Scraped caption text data
↓

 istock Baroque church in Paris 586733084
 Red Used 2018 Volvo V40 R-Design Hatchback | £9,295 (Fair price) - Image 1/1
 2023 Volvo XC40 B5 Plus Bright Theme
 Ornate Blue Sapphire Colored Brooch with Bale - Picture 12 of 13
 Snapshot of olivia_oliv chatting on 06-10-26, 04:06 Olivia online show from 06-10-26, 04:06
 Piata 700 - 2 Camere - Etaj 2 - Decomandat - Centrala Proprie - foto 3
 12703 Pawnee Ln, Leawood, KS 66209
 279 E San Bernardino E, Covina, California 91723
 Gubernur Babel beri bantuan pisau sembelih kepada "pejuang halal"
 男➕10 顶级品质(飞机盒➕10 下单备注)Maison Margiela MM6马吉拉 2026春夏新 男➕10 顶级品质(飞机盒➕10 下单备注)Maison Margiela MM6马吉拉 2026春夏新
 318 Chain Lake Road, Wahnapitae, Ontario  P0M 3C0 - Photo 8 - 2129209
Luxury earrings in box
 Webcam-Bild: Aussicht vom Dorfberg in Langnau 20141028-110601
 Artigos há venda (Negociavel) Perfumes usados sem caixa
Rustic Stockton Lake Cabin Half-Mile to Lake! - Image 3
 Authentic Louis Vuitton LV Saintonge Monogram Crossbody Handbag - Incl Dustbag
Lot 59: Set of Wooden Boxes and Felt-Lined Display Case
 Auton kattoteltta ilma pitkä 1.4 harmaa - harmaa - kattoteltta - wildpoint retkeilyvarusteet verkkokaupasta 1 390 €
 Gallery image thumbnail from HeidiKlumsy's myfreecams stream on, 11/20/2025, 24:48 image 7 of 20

↑

WORK REQUEST> How many lines in the records above contain the word "from"? Reply with the number and nothing more.

YOUR RESPONSE> 2